> [What is being asked]
Copy every record below exactly, leaving out any pictures.

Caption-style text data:
● ● ● ●

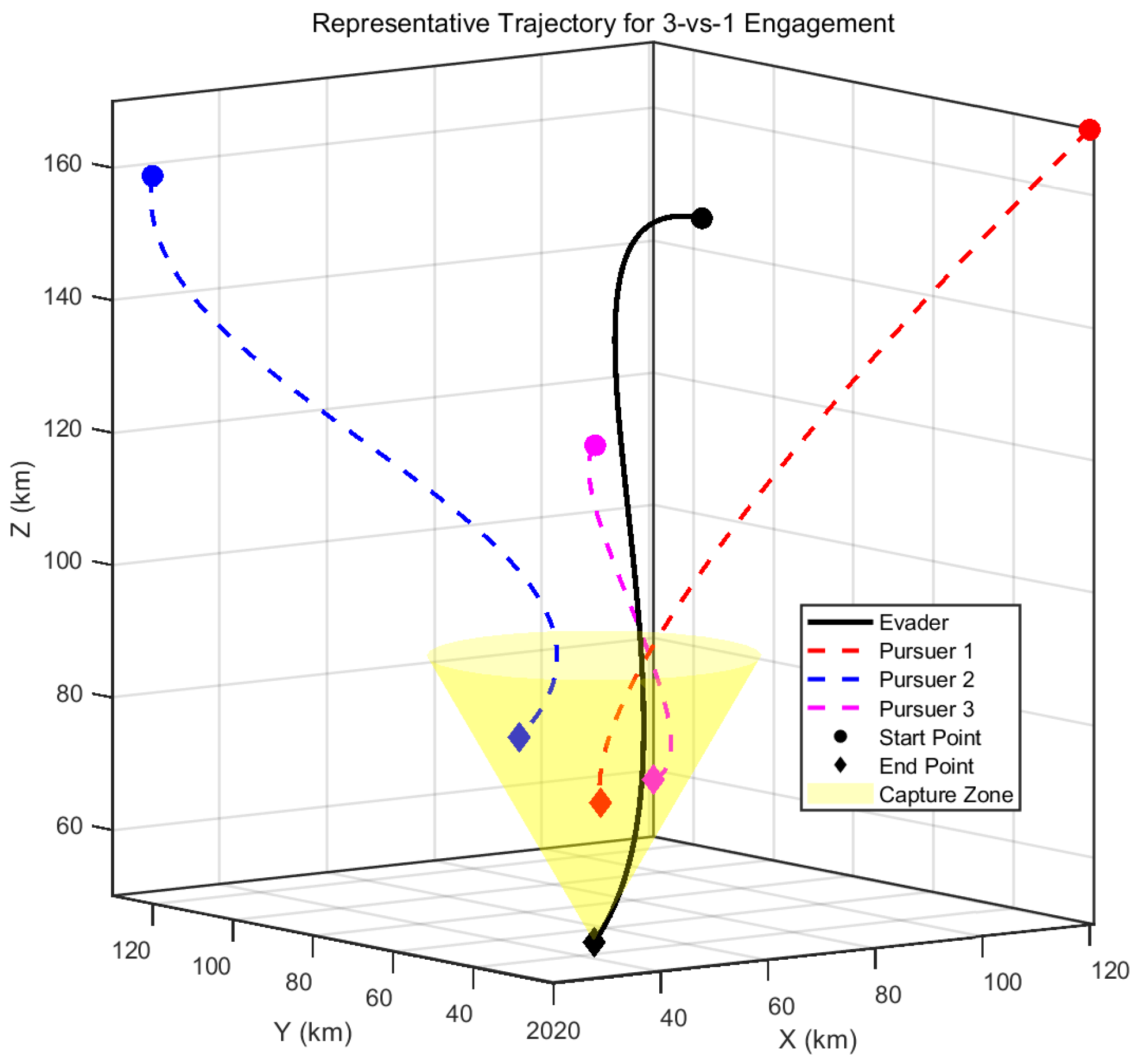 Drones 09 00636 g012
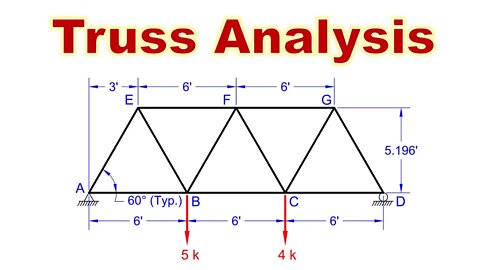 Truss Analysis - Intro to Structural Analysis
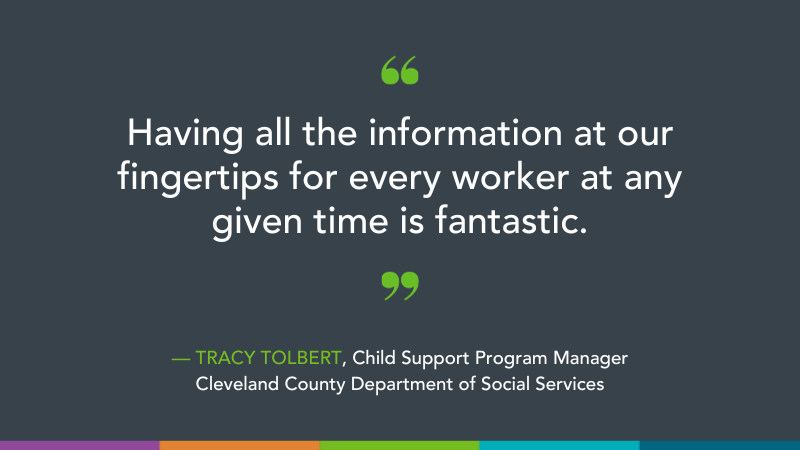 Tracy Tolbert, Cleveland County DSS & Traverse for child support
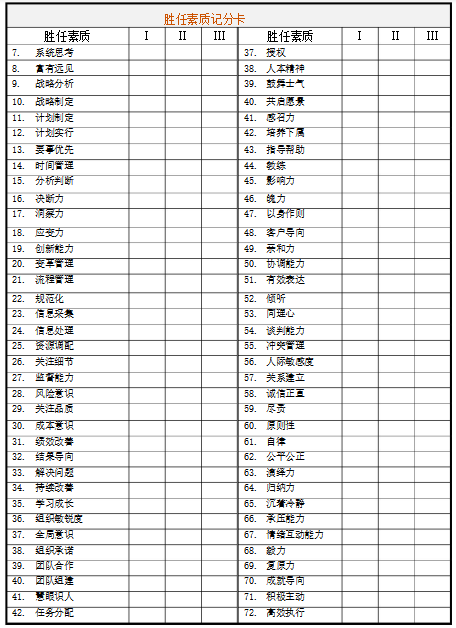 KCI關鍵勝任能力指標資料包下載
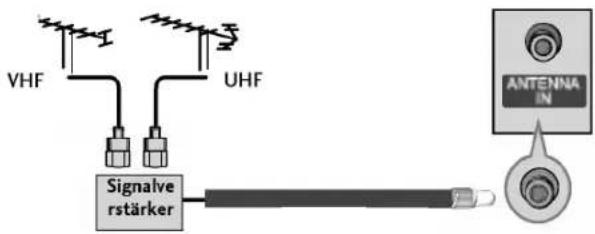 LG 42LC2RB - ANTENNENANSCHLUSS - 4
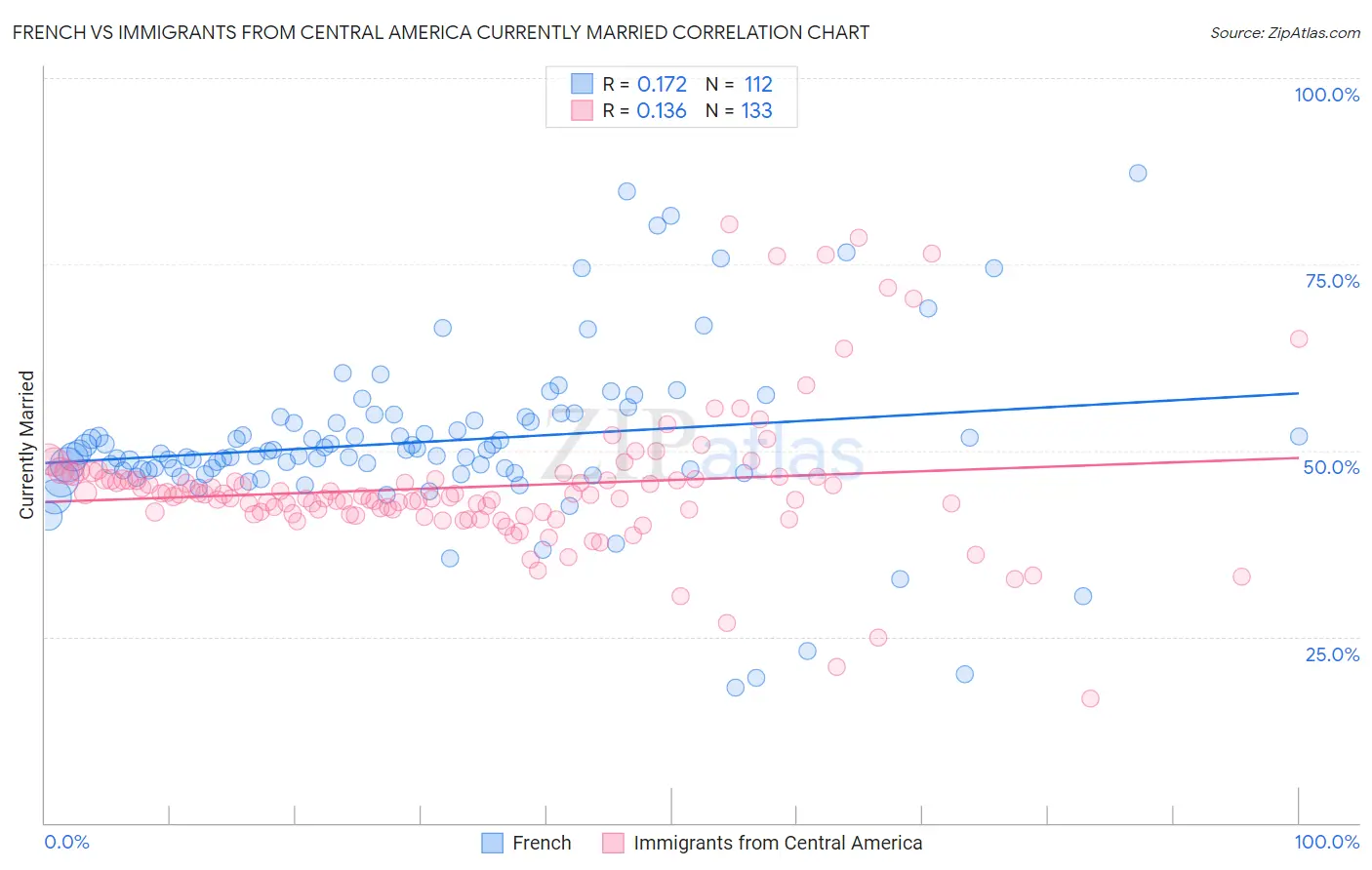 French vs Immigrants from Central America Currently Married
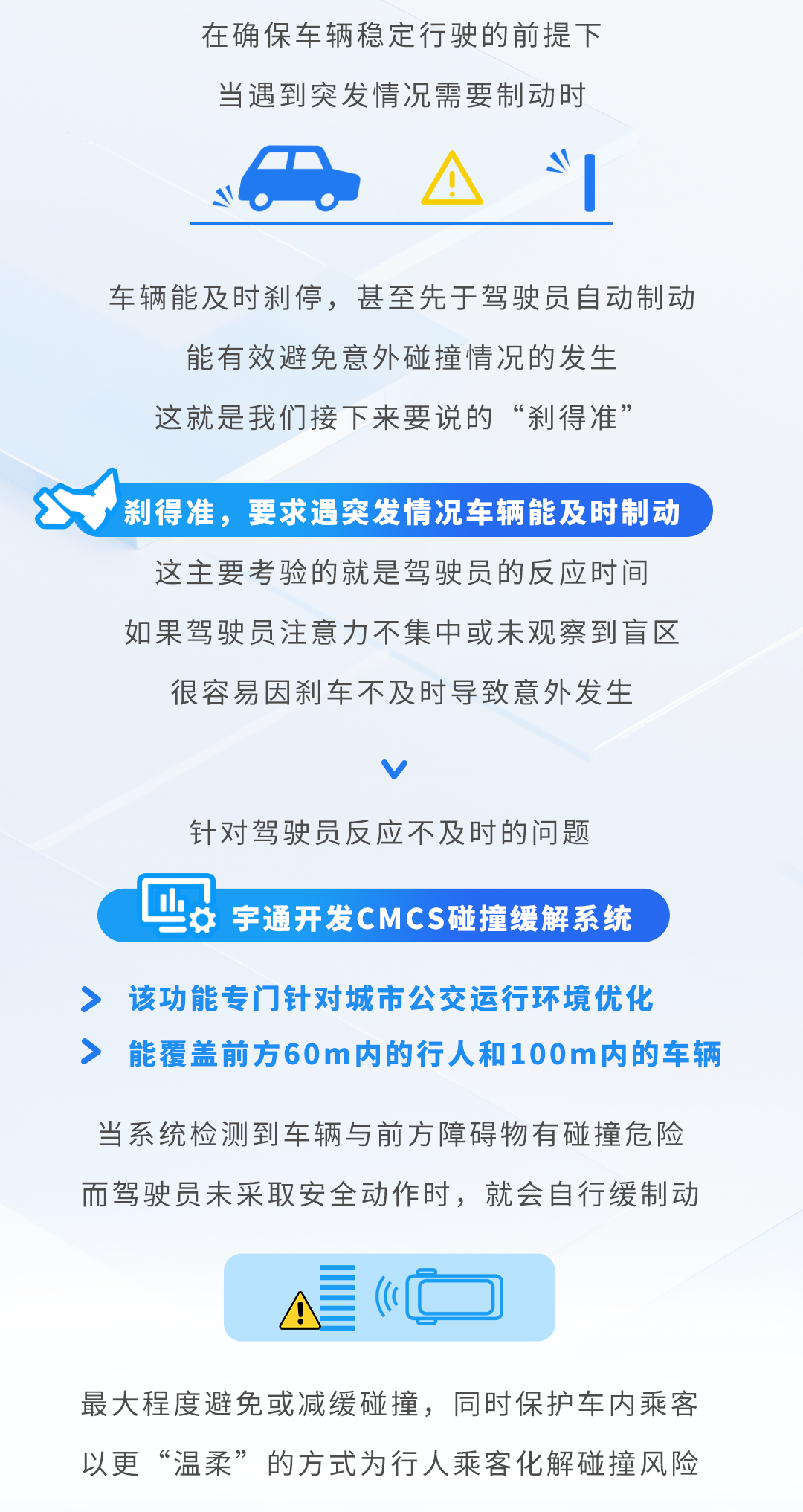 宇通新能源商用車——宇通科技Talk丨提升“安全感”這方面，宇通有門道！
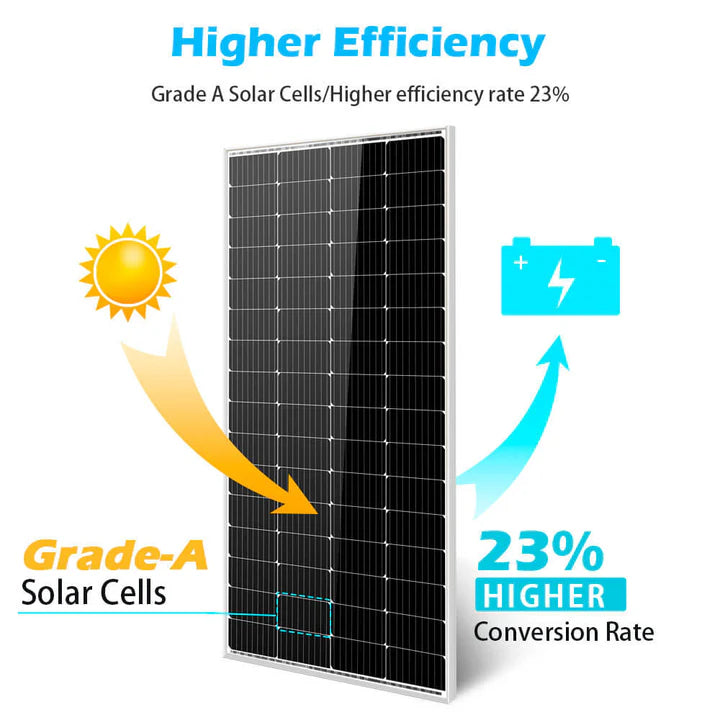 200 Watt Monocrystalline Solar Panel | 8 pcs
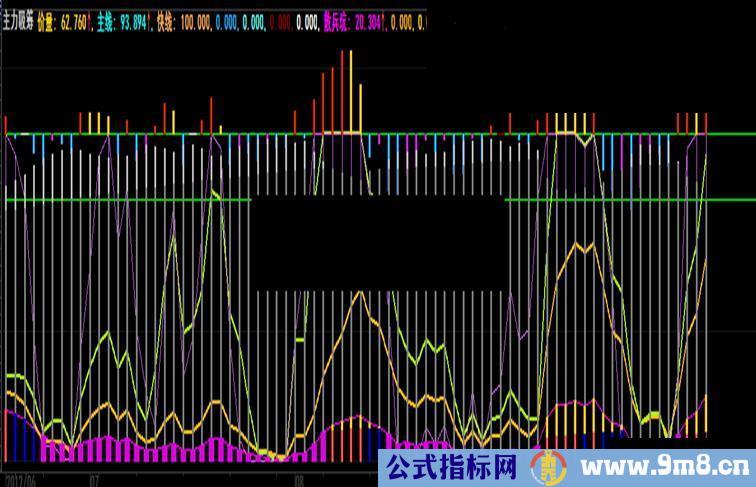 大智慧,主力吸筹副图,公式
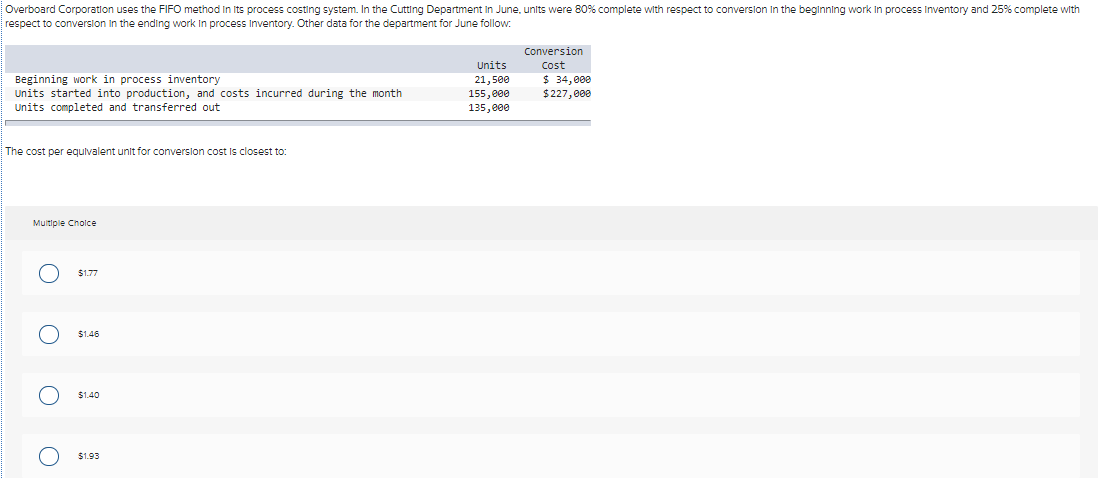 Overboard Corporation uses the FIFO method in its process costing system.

● ● ● ●

> [Task output]
 Drones 09 00636 g012
 Truss Analysis - Intro to Structural Analysis
 Tracy Tolbert, Cleveland County DSS & Traverse for child support
 KCI關鍵勝任能力指標資料包下載
 LG 42LC2RB - ANTENNENANSCHLUSS - 4
 French vs Immigrants from Central America Currently Married
 宇通新能源商用車——宇通科技Talk丨提升“安全感”這方面，宇通有門道！
 200 Watt Monocrystalline Solar Panel | 8 pcs
 大智慧,主力吸筹副图,公式
 Overboard Corporation uses the FIFO method in its process costing system.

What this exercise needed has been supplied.